No es verdad, pero pienso "¿y si lo estuviera? ¿Y si hacer las cosas que tengo que hacer no fuera una obligación?".

Así que me levanto y me dirijo a una estación de tren. Por delante de mí cruzan cerca de 1.400 personas en menos de una hora. Altos, bajos, gordos, flacos... Algunos van con prisa. La mayoría no miran a su alrededor, solo al suelo o al móvil, tratando de fingir que los que les rodean no son seres humanos. Algunos detalles me revelan cosas de sus vidas, de sus trabajos. Pero son solo cosas superficiales y puntuales.

Me llama la atención lo poco que respetan el espacio personal. Pero eso es típico de las grandes ciudades, o... A lo mejor no me ven. Cuando tengo que hablar con alguno, sonrío y le miro a los ojos, con la consiguiente respuesta de una sonrisa amable. ¿Para qué tanta prisa?

Sentada en el anden, me pregunto cómo pueden los fabricantes de ropa acertar a diseñar cosas que valgan a esa ingente cantidad de cuerpos que pasan por delante de mí. Me fijo en los que llevan tatuajes, en los que no, en las chicas con tacón alto y con tacón bajo y de pronto una camiseta me hace reír (interiormente) 

I told you so. 

(Te lo dije) 

Por algún motivo, me hace sentir algo detrás del ombligo jajajja. Supongo que la parte de mi mente que entiende inglés no es la misma que uso de forma ordinaria. 

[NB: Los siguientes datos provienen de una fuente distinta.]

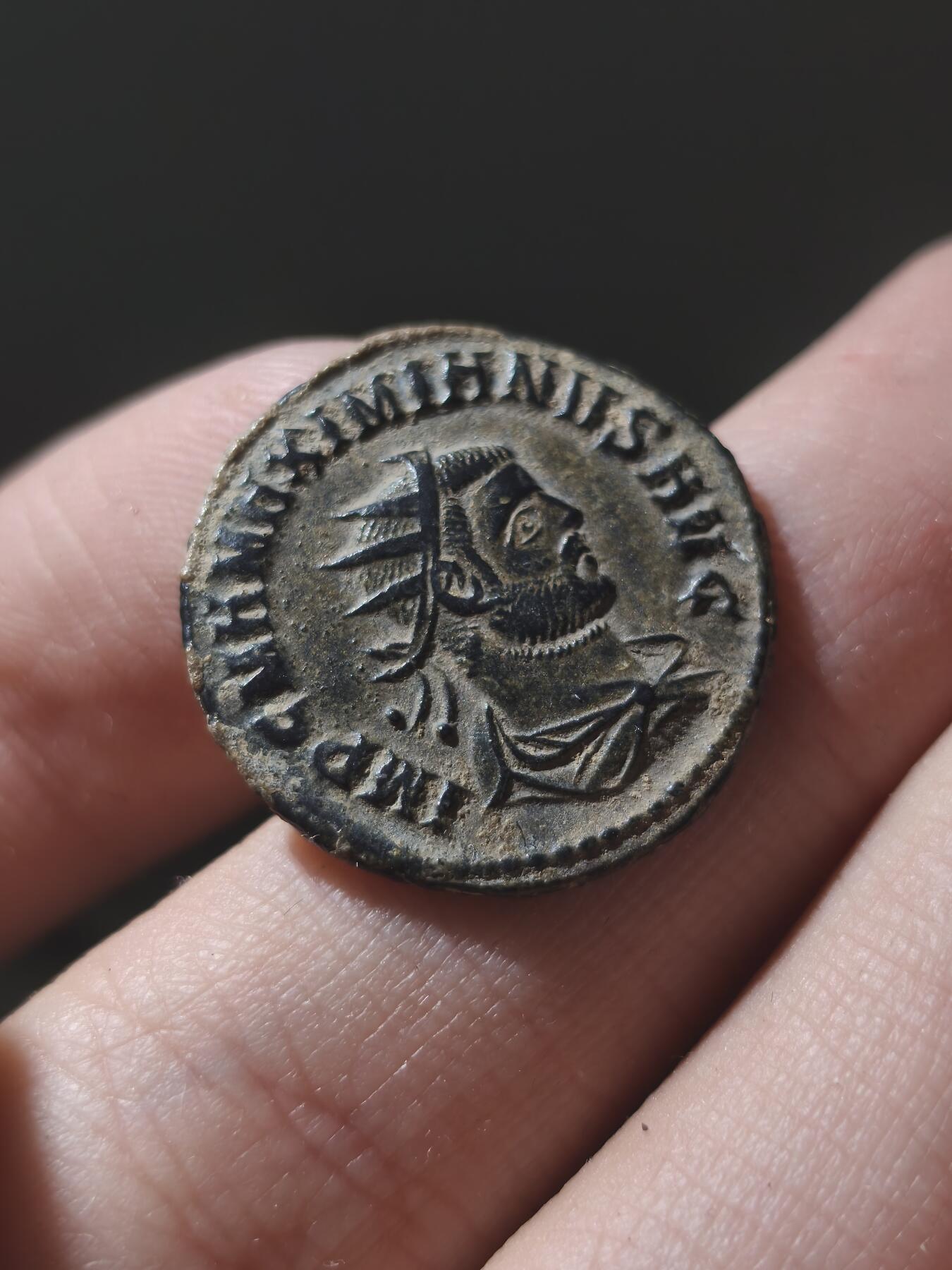 星盘世界钱币九月二十七日古典币精品专场 极品 古罗马帝国 马克西米安（公元 286-305 年在位）安东尼奥洗银币4.1g 正面为带着芒冠的皇帝像，背面为神王朱庇特将胜利女神交给皇帝。 马克西米安为四帝共治体系 的“西部奥古斯都”，戴克里先的盟友，以军事能力著称。该钱币沙漠坑腐蚀较小脸部细节保存到位，铭文清晰，较为难得。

Dejo pasar a toooodos los que van con prisa y finalmente subo en el tren, cuando ya no hay nadie empujando, pisando o saltando por encima de los otros viajeros. 

Me he fijado en que varios llevan cascos diminutos que no están conectados al teléfono por cables. Son como auriculares inhalambricos. Al verlos me siento de otra época. Y me pregunto cómo será el futuro.